··· INPUT DATA

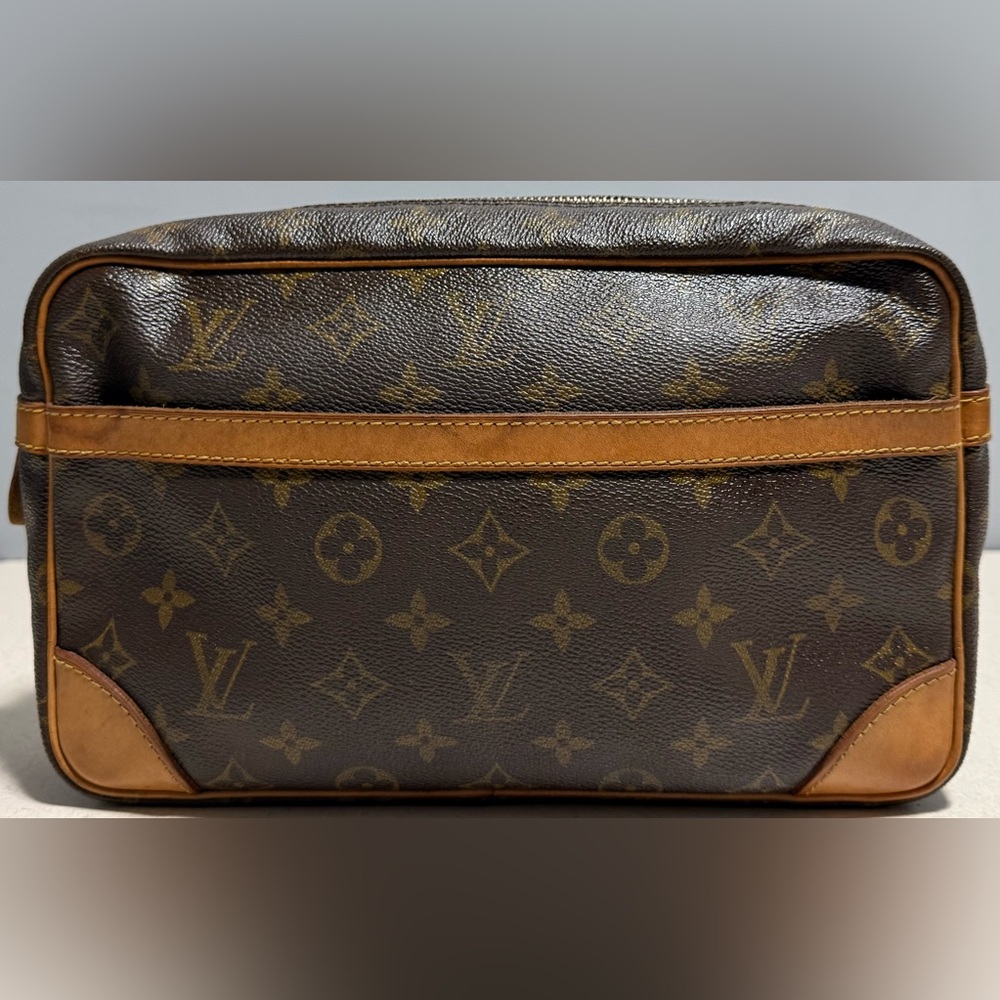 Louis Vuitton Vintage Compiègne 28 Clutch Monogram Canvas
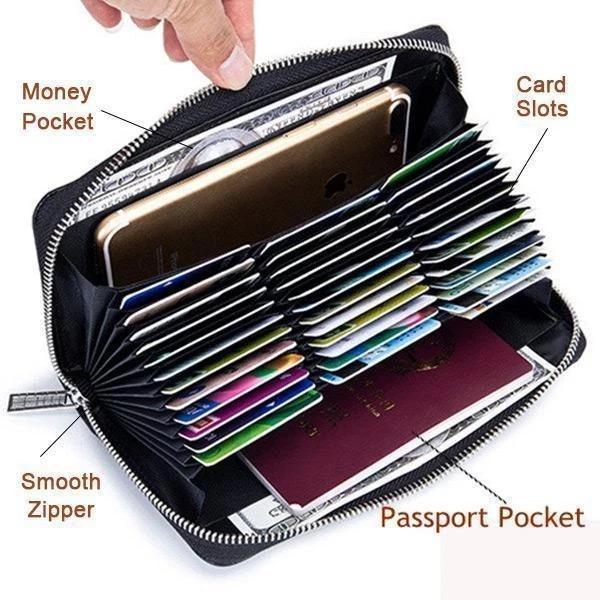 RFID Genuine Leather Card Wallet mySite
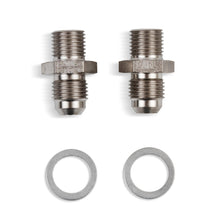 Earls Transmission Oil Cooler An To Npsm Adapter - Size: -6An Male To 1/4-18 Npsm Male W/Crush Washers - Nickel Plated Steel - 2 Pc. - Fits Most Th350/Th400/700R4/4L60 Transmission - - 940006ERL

······
··· INPUT DATA

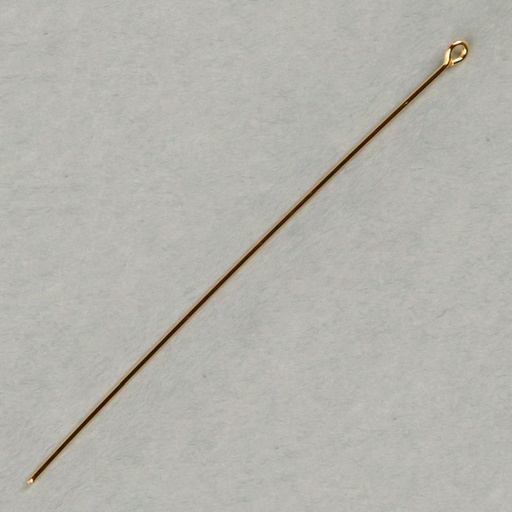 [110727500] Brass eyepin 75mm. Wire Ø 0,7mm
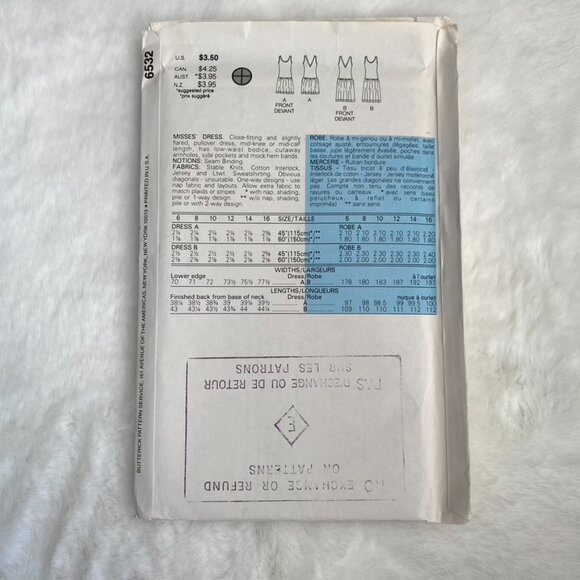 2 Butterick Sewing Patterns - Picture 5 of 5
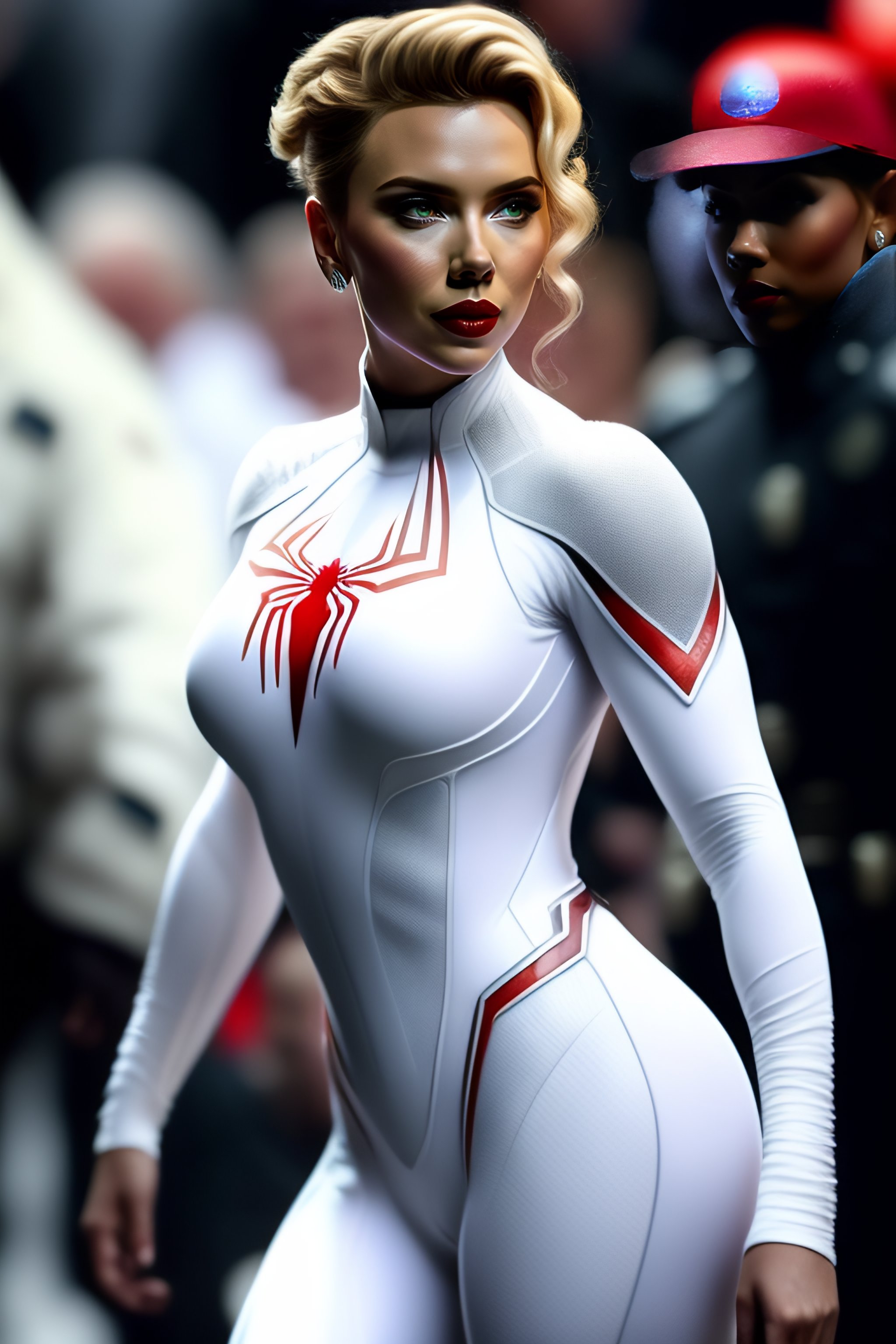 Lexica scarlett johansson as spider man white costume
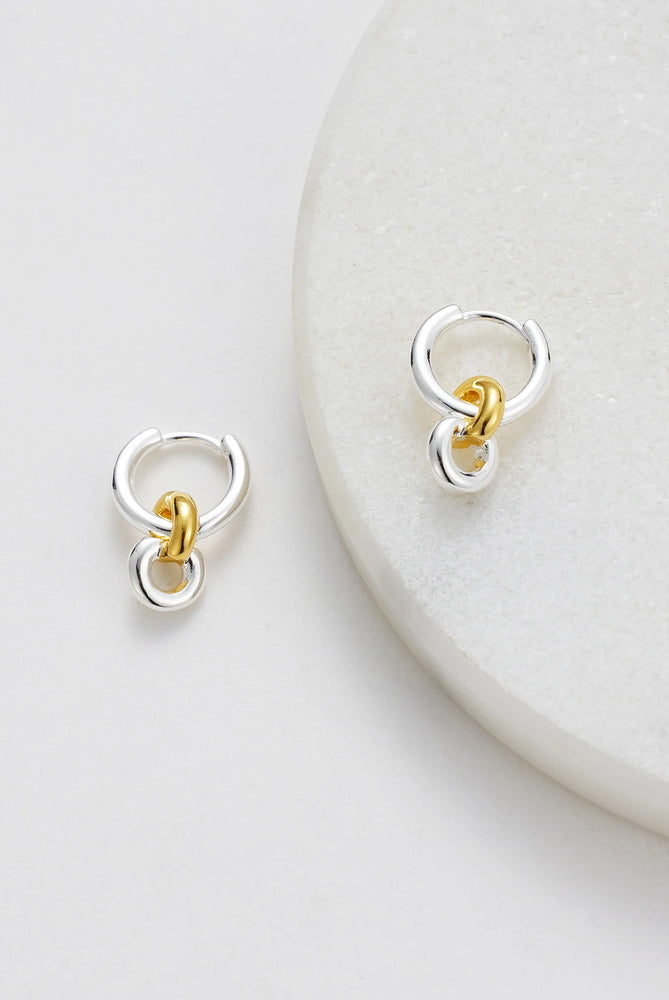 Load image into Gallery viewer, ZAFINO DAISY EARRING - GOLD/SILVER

······

- HOW TO COMPLETE THIS TASK
Text only, no pictures: please print exactly the lines above from the line with "Lexica scarlett johansson" up to and including the line with "Load image into", and nothing else.

- SOLUTION FOR THIS PROBLEM
 Lexica scarlett johansson as spider man white costume
 Load image into Gallery viewer, ZAFINO DAISY EARRING - GOLD/SILVER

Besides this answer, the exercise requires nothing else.